Dataset excerpts —

_ _ _

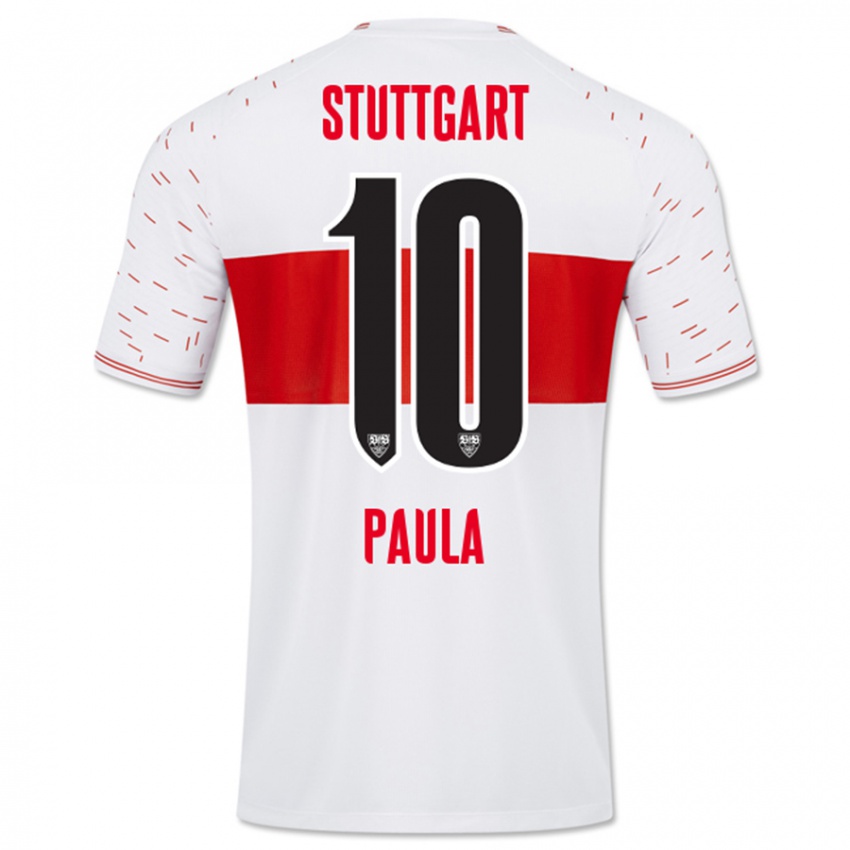 Criança Camisola Raul Paula #10 Branco Principal 2023/24 Camisa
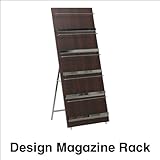 木製のマガジンラック 折りたたみ式で収納に便利 ウッドマガジンラック 5段ワイド
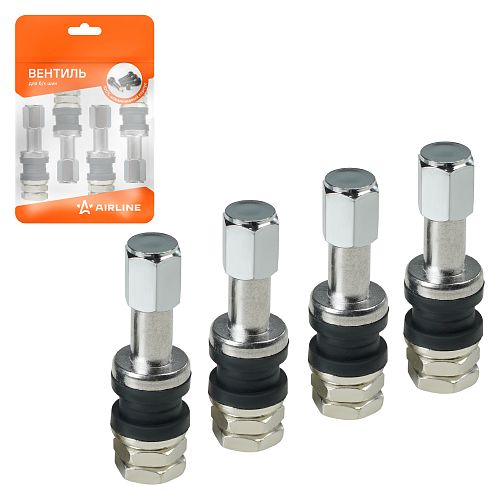 Вентиль для б/к шин V-4, латунь, 4 шт.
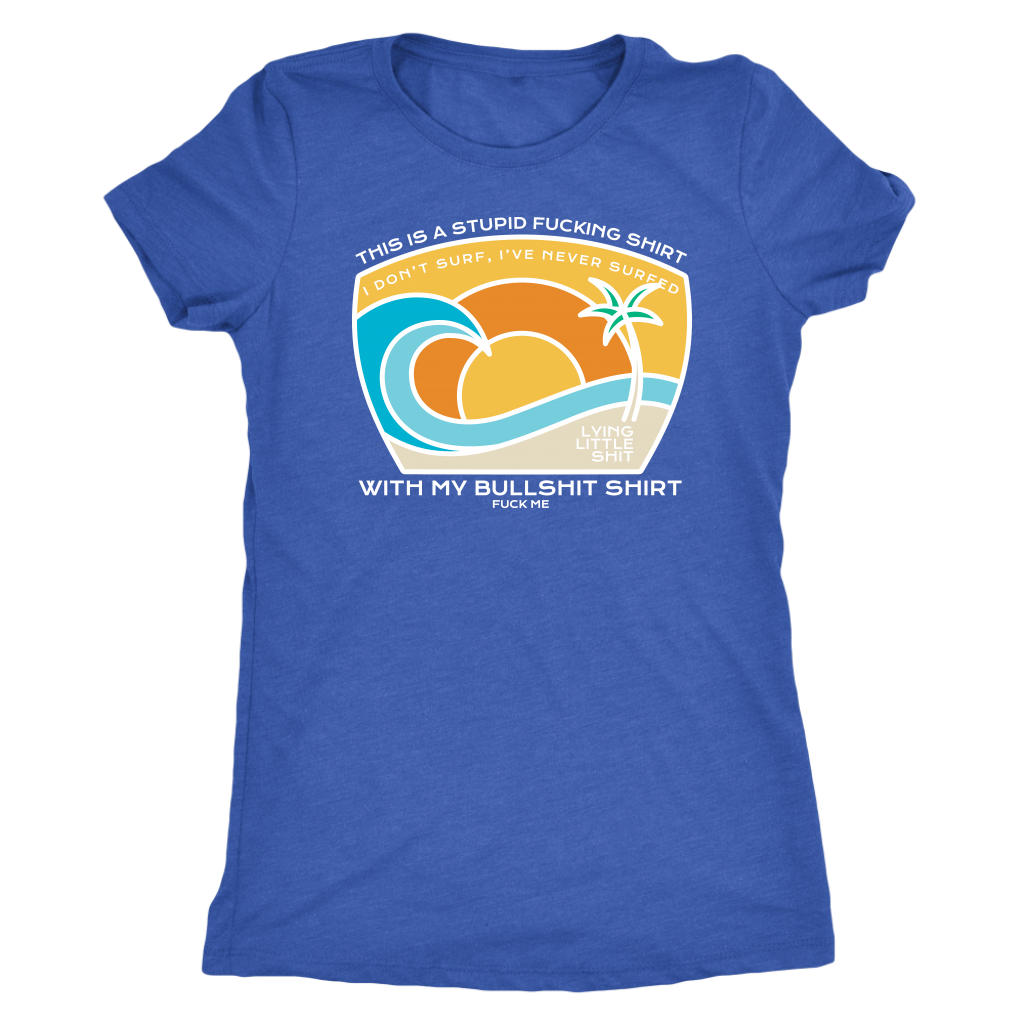 Surf's Up White Print T-shirt  - Gemmed Firefly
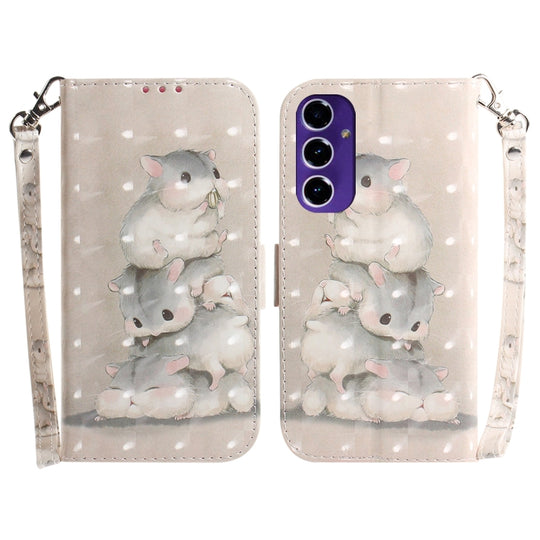 For Galaxy A16 5G 3D Colored Horizontal Flip Leather Phone Case(Squirrels)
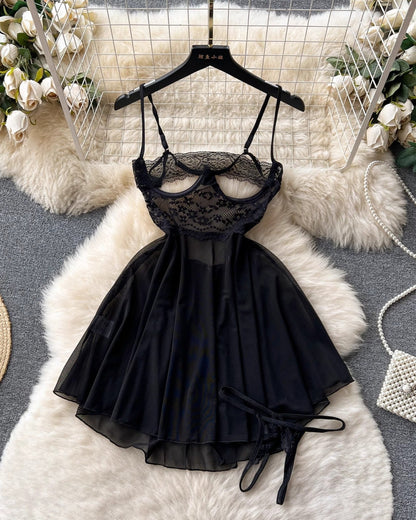 Midnight Whispers Negligee Lace Lingerie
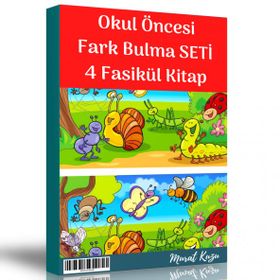 Okul Öncesi Fark Bulma Seti 4 Fasikül Kitap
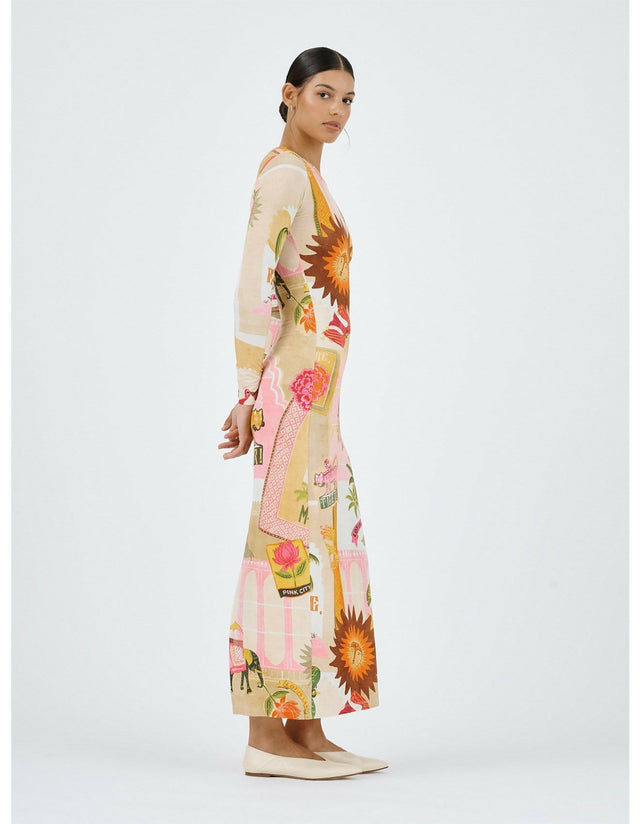 Roame Bazaar Dress Size 8 - 8 / Print - Dresses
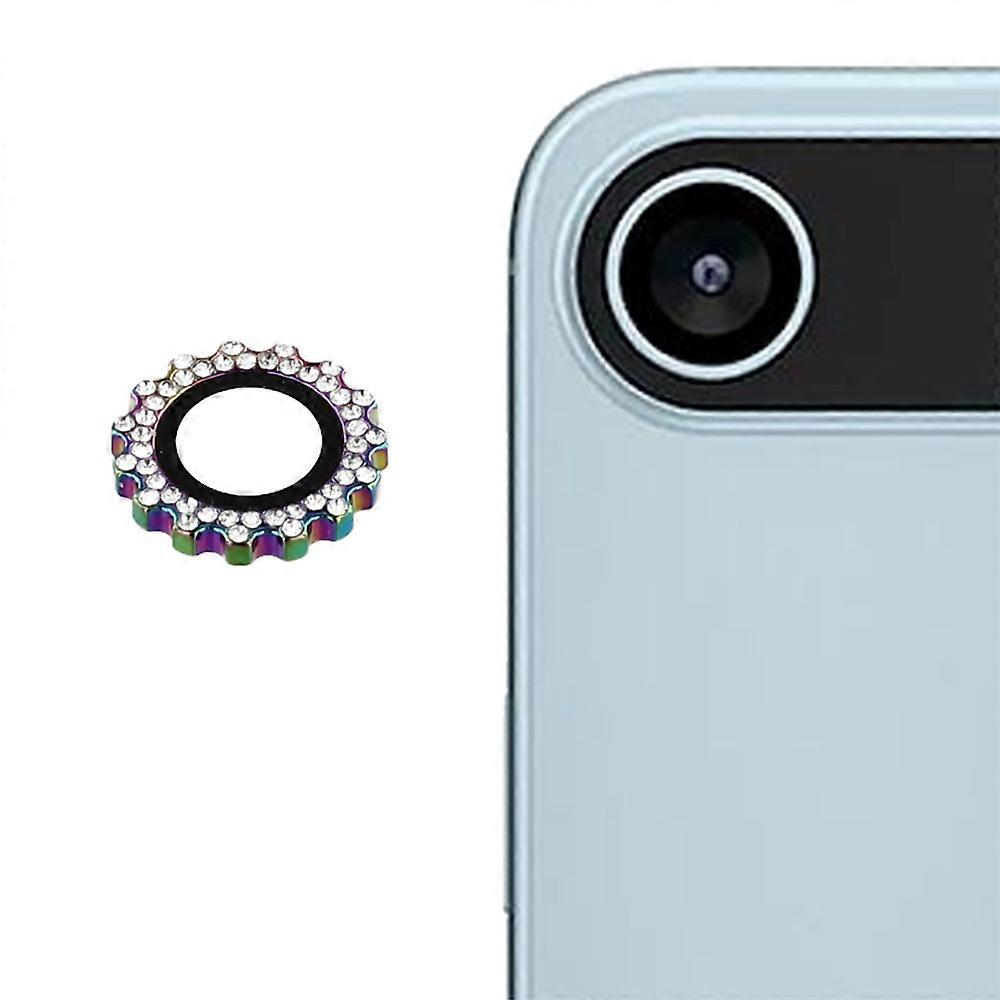 TKdaddy 1セット iPhone 17 Air カメラ レンズ プロテクター ギア シェイプ 強化ガラス レンズ フィルム ラインストーン 装飾 カラフル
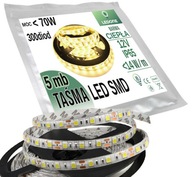 300 LED PÁS 5050 SMD 5m TEPLEJ BIELY Vodotesný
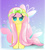 Size: 1176x1321 | Tagged: safe, artist:miian123, fluttershy, g4, bow, cute, female, hair bow, long mane, shyabetes, solo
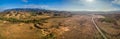 Aerial panorama of Flinders Ranges mountains. Royalty Free Stock Photo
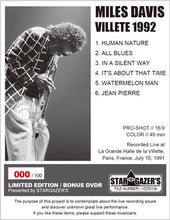 Load image into Gallery viewer, MILES DAVIS / THE LAST SUPPER / LIVE AT LA VILLETTE 1991 (2CD + LTD.1DVDR)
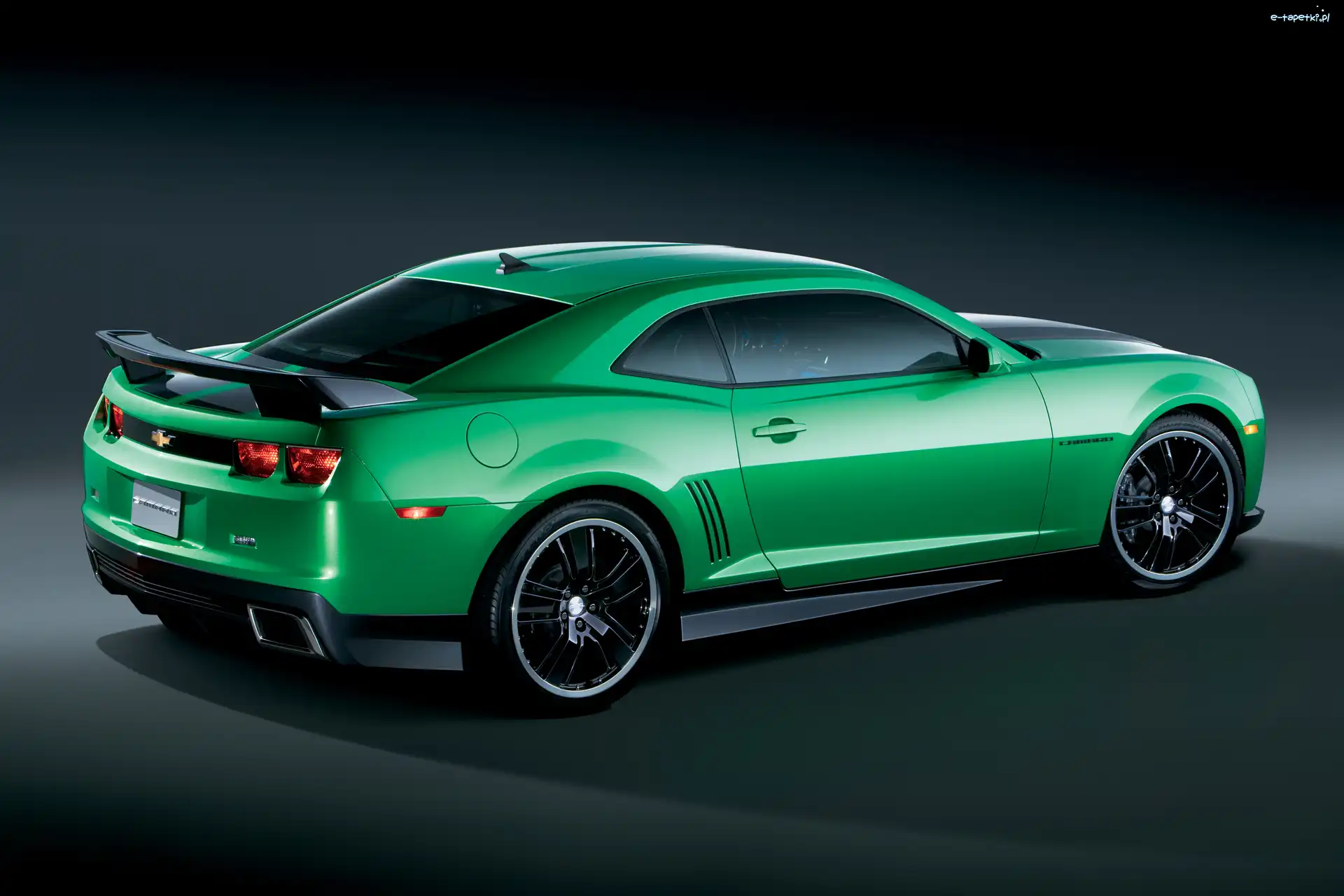 Chevrolet Camaro, Car, Muscle, Zielony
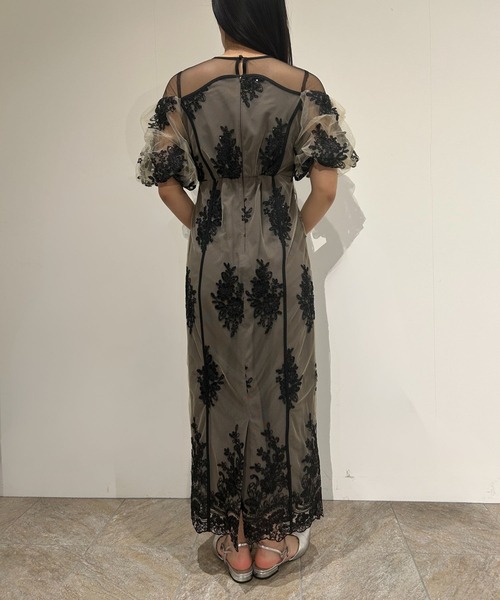 Embroidered sheer dress（ドレス）｜et.UNiVER（エトユニベール）の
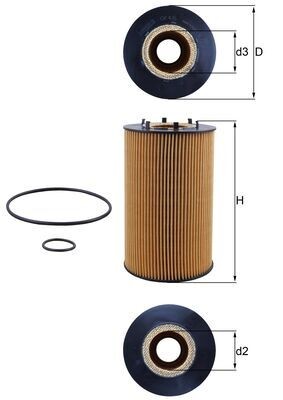 MAHLE ORIGINAL OX 435D Číslo výrobce: 70385181. EAN: 4009026720332.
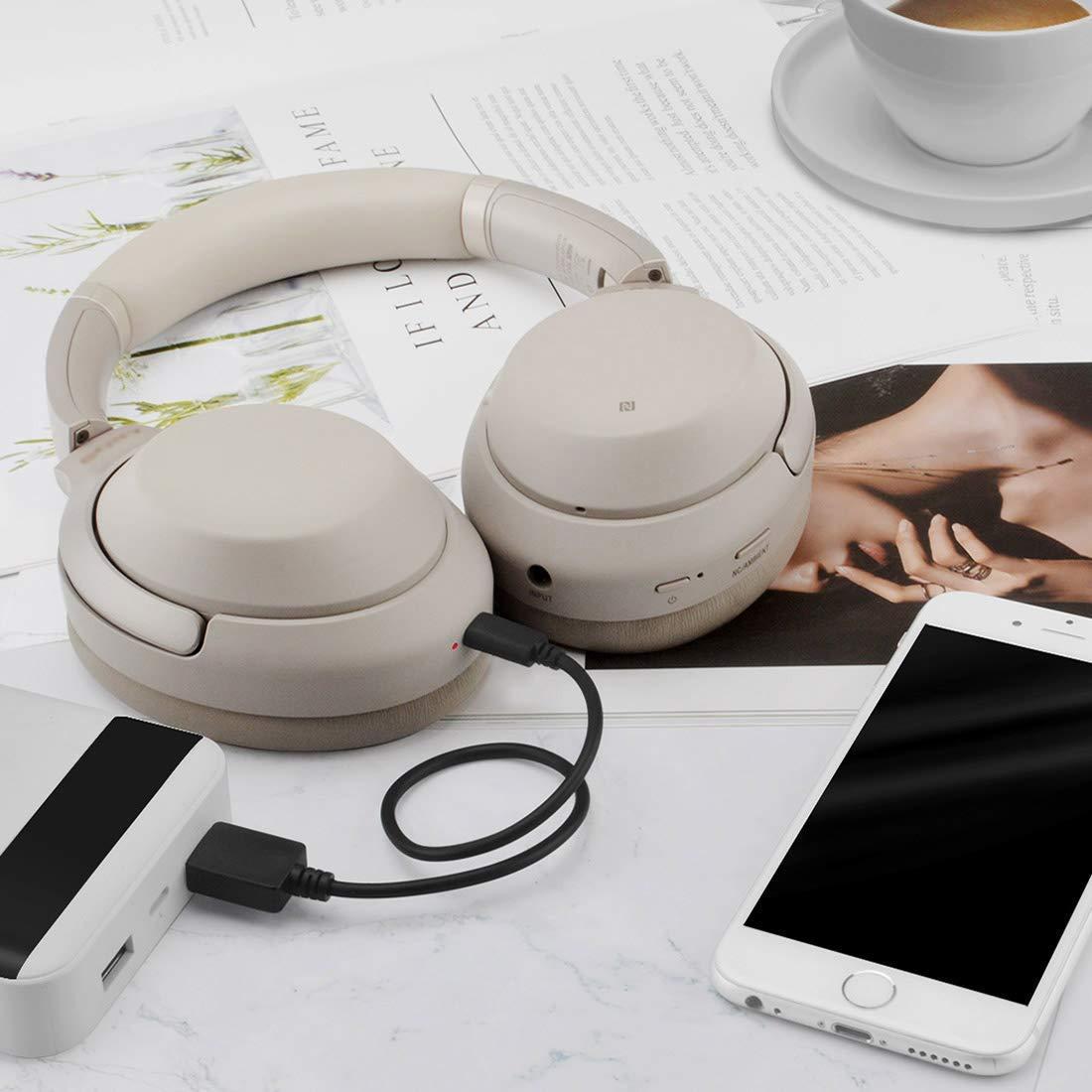 Cable de Carga USB C Adhiper 50cm para Auriculares Sony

_ _ _

Work required — The last line of the entries marks the end, and the line with "Embroidered sheer dress（ドレス）｜et.UNiVER（エトユニベール）の" marks the start. Output exactly those two lines and every line between them, nothing else, with the pictures left out.

Response area —
 Embroidered sheer dress（ドレス）｜et.UNiVER（エトユニベール）の
 MAHLE ORIGINAL OX 435D Číslo výrobce: 70385181. EAN: 4009026720332.
 Cable de Carga USB C Adhiper 50cm para Auriculares Sony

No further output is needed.